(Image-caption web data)
──────────────────────────────

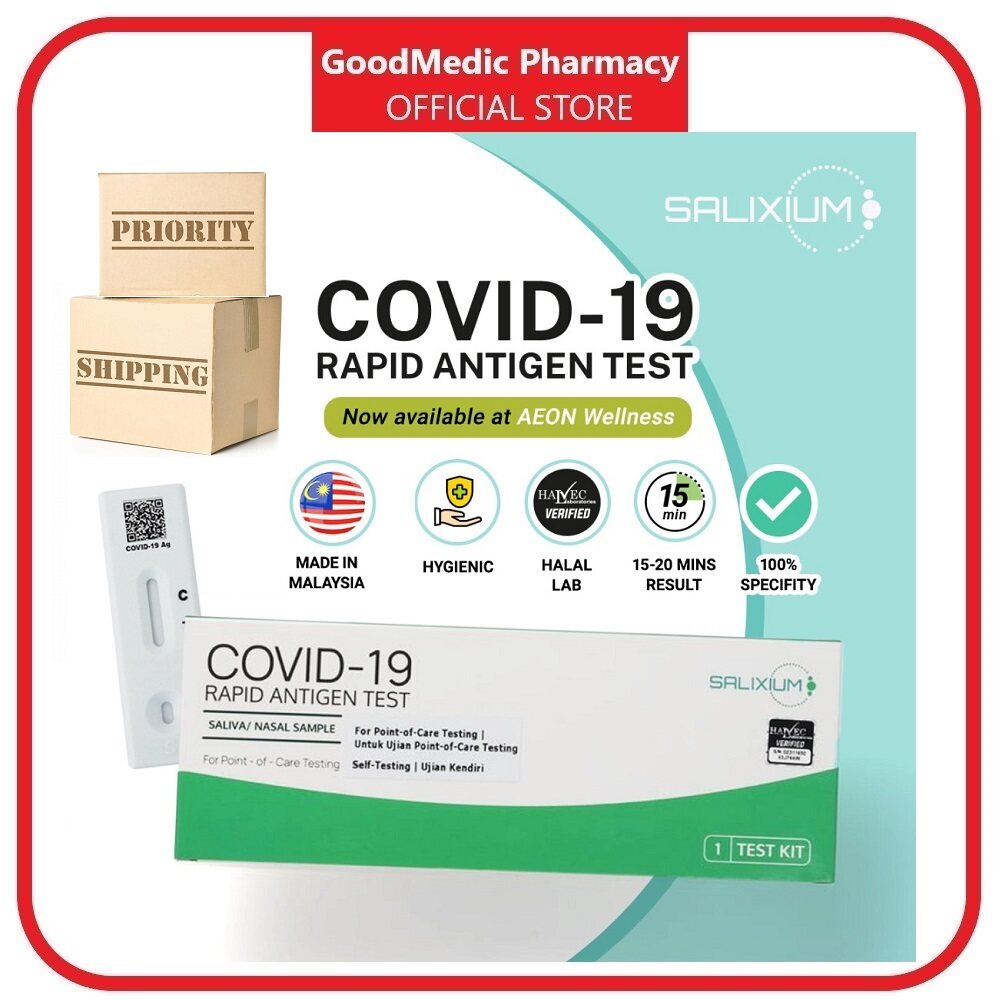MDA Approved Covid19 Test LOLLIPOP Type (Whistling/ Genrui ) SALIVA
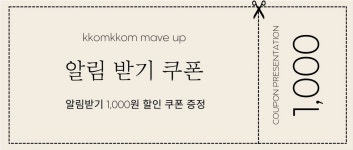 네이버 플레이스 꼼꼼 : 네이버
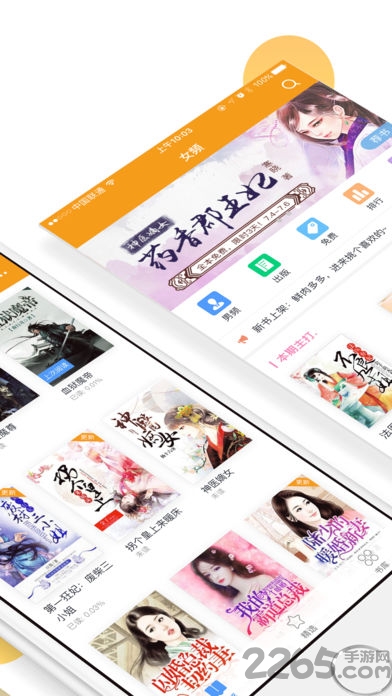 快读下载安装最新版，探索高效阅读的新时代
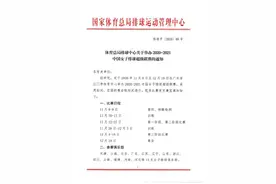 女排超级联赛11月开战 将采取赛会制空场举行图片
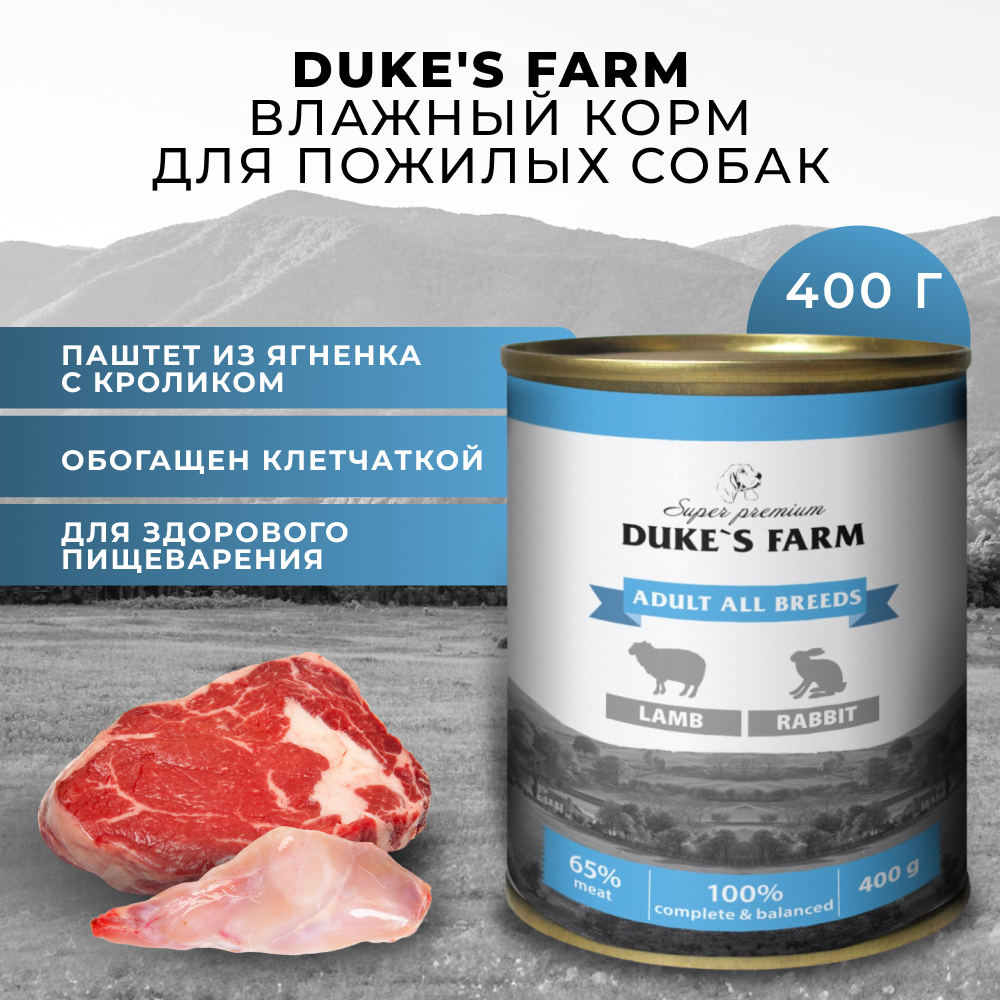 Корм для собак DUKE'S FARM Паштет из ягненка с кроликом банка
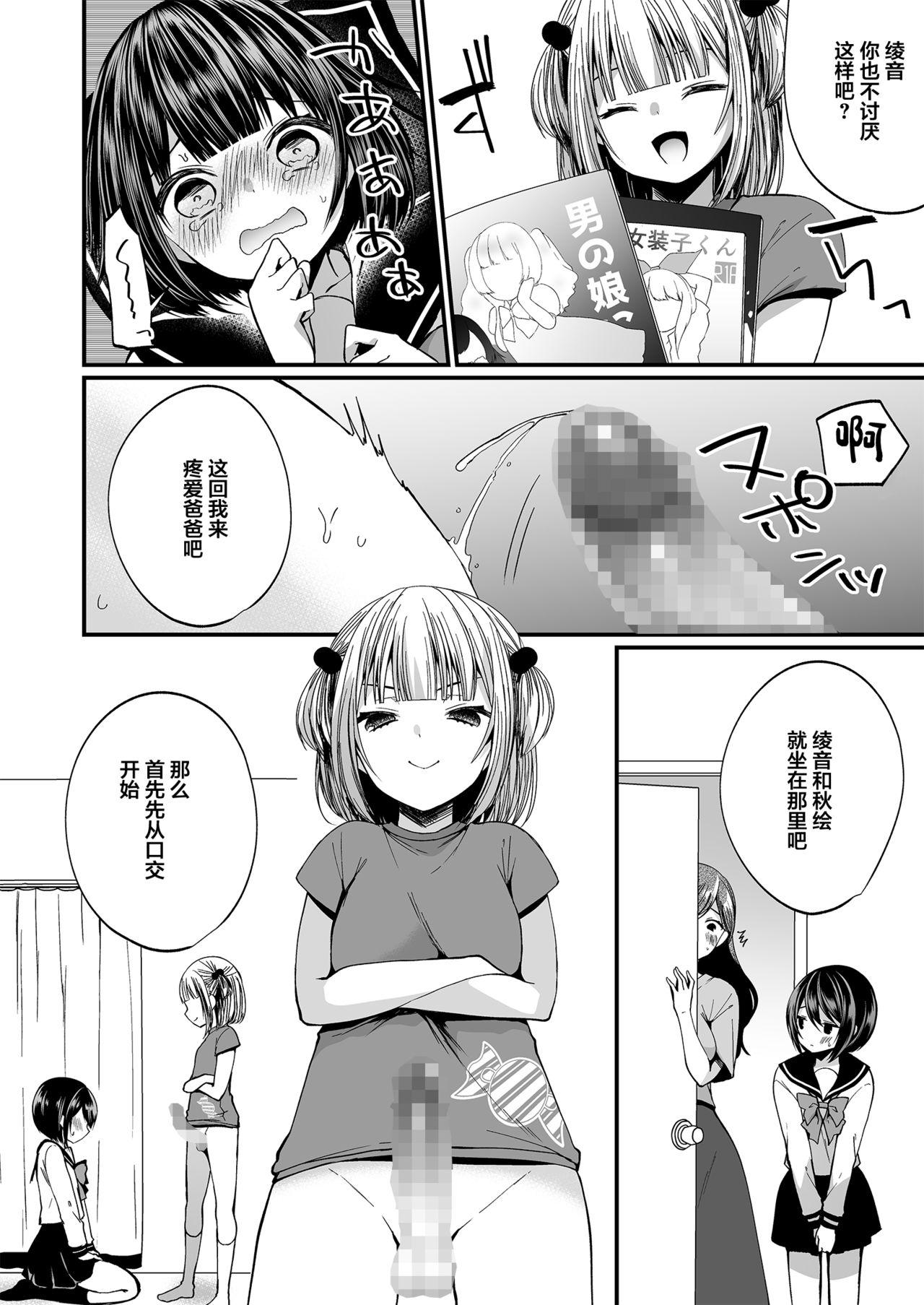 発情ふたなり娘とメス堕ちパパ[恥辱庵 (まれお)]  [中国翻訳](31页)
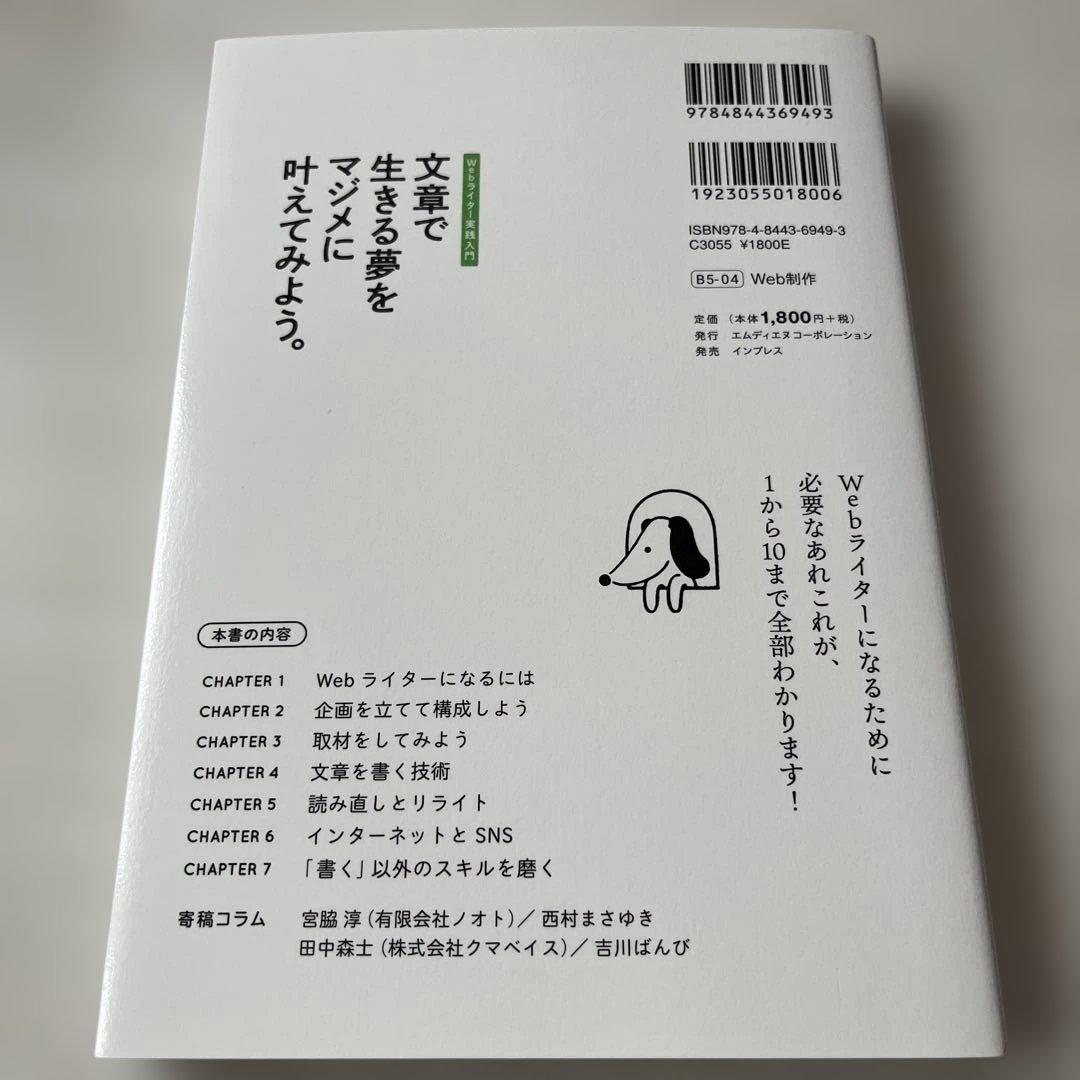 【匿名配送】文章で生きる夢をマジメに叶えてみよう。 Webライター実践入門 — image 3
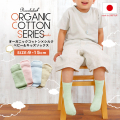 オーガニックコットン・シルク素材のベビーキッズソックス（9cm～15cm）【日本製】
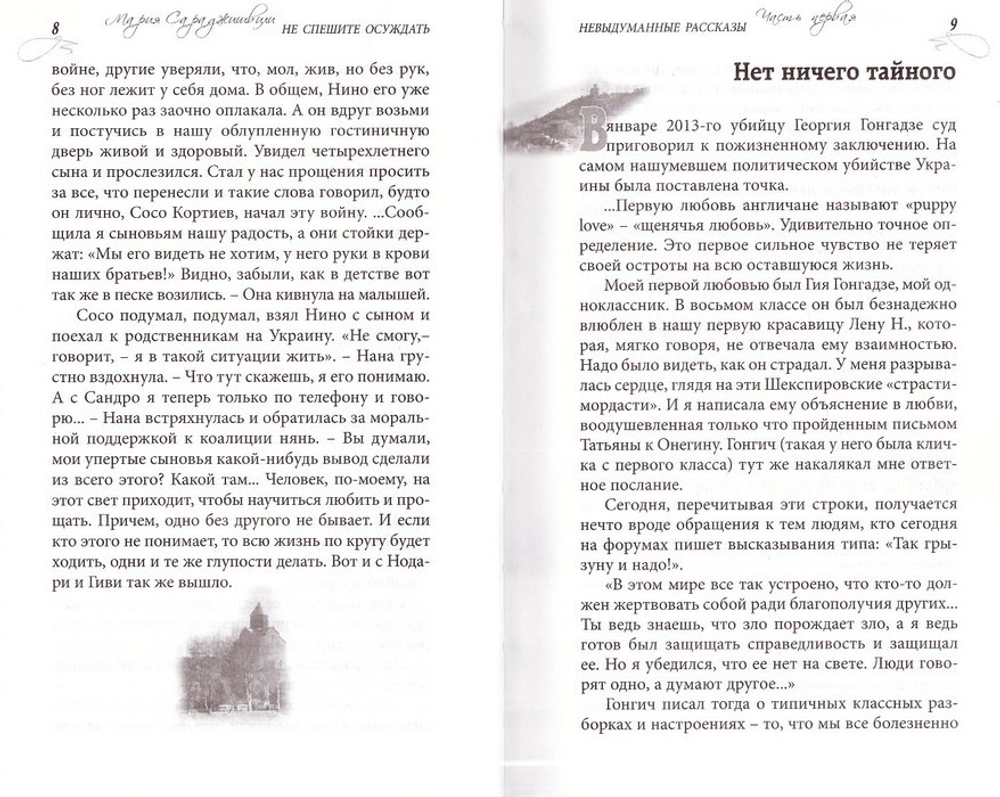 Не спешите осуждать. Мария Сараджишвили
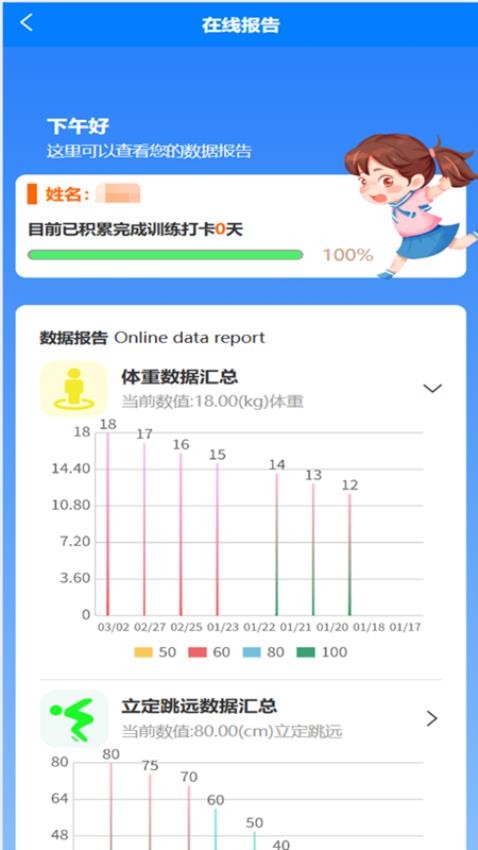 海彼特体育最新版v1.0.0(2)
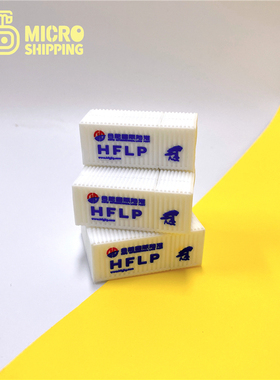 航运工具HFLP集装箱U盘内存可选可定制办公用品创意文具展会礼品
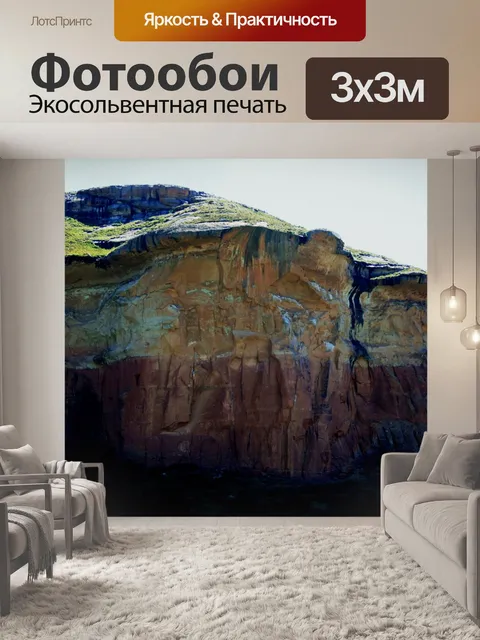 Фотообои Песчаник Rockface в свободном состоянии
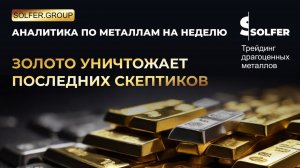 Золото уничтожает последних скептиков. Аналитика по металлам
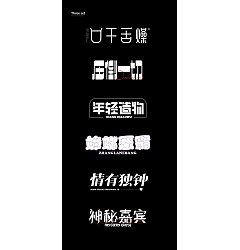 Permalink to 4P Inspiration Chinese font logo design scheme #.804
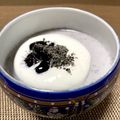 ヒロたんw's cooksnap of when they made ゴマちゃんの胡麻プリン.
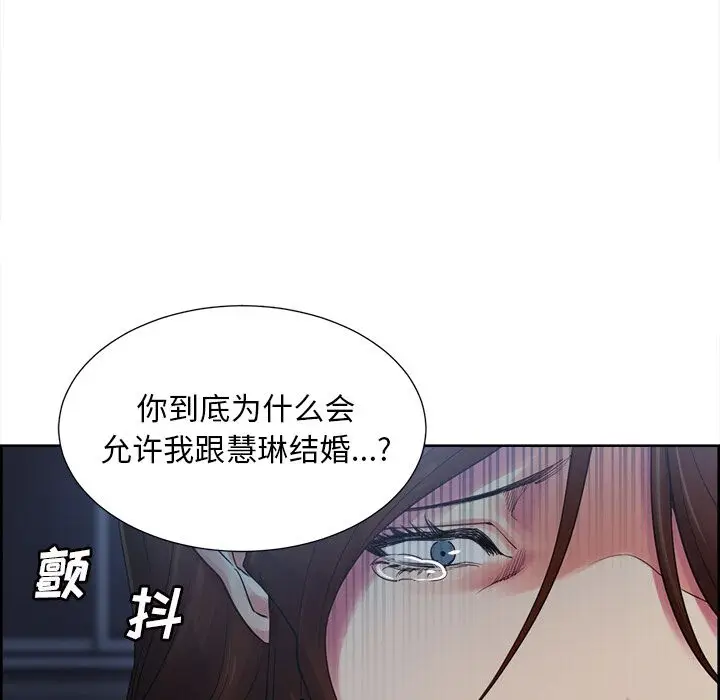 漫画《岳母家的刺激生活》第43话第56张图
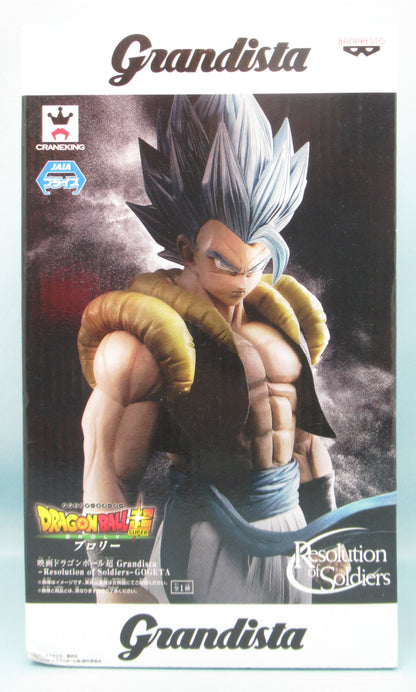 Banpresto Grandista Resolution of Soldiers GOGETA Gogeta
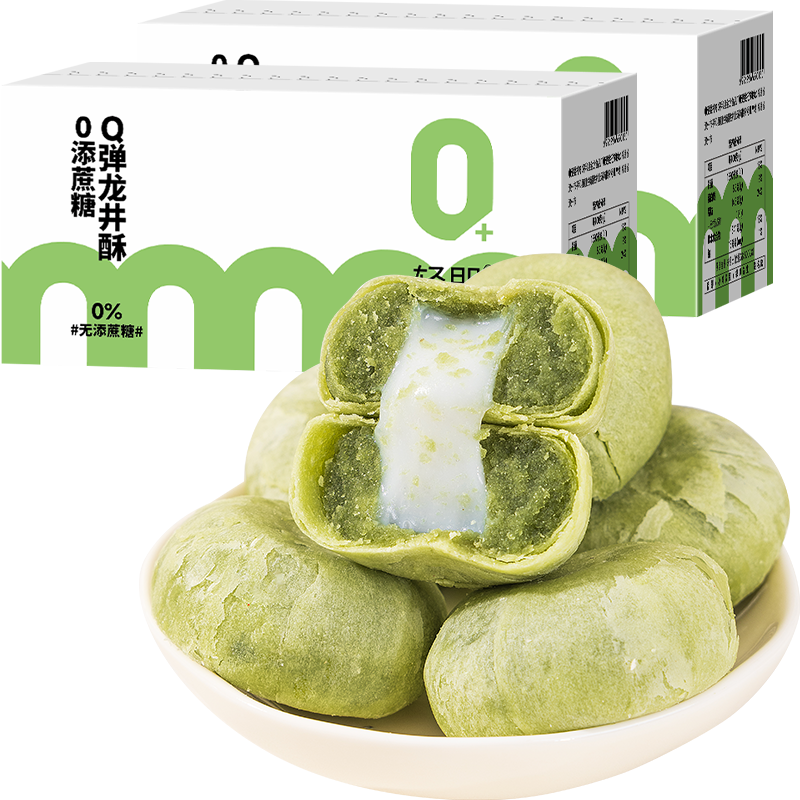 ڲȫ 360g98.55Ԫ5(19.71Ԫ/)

──────────────────────────────

● **Exercise**: Since only the text is needed, retype the data above exactly and omit the pictures.

● **Answer area**:
MDA Approved Covid19 Test LOLLIPOP Type (Whistling/ Genrui ) SALIVA
 네이버 플레이스 꼼꼼 : 네이버
 快读下载安装最新版，探索高效阅读的新时代
 女排超级联赛11月开战 将采取赛会制空场举行图片
 Корм для собак DUKE'S FARM Паштет из ягненка с кроликом банка
 発情ふたなり娘とメス堕ちパパ[恥辱庵 (まれお)]  [中国翻訳](31页)
 【匿名配送】文章で生きる夢をマジメに叶えてみよう。 Webライター実践入門 — image 3
 オーガニックコットン・シルク素材のベビーキッズソックス（9cm～15cm）【日本製】
 Не спешите осуждать. Мария Сараджишвили
 海彼特体育最新版v1.0.0(2)
 航运工具HFLP集装箱U盘内存可选可定制办公用品创意文具展会礼品
 Фотообои Песчаник Rockface в свободном состоянии
 Золото уничтожает последних скептиков. Аналитика по металлам
 Permalink to 4P Inspiration Chinese font logo design scheme #.804
 ヒロたんw's cooksnap of when they made ゴマちゃんの胡麻プリン.
 漫画《岳母家的刺激生活》第43话第56张图
 Banpresto Grandista Resolution of Soldiers GOGETA Gogeta
 ڲȫ 360g98.55Ԫ5(19.71Ԫ/)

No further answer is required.